··· Exercise inputs

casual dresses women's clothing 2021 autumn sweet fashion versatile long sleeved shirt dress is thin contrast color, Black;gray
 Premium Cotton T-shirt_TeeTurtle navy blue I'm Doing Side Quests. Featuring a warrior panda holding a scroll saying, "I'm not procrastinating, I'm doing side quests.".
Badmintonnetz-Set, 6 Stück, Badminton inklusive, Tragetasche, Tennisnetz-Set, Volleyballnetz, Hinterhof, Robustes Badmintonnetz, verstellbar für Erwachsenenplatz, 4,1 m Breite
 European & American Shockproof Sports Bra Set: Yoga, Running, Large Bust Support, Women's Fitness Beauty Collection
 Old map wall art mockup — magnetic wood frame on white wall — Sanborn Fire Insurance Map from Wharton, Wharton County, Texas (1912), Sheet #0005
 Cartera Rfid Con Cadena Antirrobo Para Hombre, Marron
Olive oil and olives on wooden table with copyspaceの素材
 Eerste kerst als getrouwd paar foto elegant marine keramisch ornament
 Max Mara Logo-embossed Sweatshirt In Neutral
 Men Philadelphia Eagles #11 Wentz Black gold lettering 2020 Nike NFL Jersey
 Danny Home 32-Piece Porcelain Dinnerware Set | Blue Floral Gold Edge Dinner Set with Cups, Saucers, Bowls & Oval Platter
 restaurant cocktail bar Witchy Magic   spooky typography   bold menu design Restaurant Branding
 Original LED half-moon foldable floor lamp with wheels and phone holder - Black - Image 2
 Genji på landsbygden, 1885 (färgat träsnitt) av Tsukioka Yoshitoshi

······

[The task] Output, from the data above, the lines from the line with "Old map wall" to the line with "restaurant cocktail bar" exactly as they stand, both ends included and nothing else.

[Finished task]
 Old map wall art mockup — magnetic wood frame on white wall — Sanborn Fire Insurance Map from Wharton, Wharton County, Texas (1912), Sheet #0005
 Cartera Rfid Con Cadena Antirrobo Para Hombre, Marron
Olive oil and olives on wooden table with copyspaceの素材
 Eerste kerst als getrouwd paar foto elegant marine keramisch ornament
 Max Mara Logo-embossed Sweatshirt In Neutral
 Men Philadelphia Eagles #11 Wentz Black gold lettering 2020 Nike NFL Jersey
 Danny Home 32-Piece Porcelain Dinnerware Set | Blue Floral Gold Edge Dinner Set with Cups, Saucers, Bowls & Oval Platter
 restaurant cocktail bar Witchy Magic   spooky typography   bold menu design Restaurant Branding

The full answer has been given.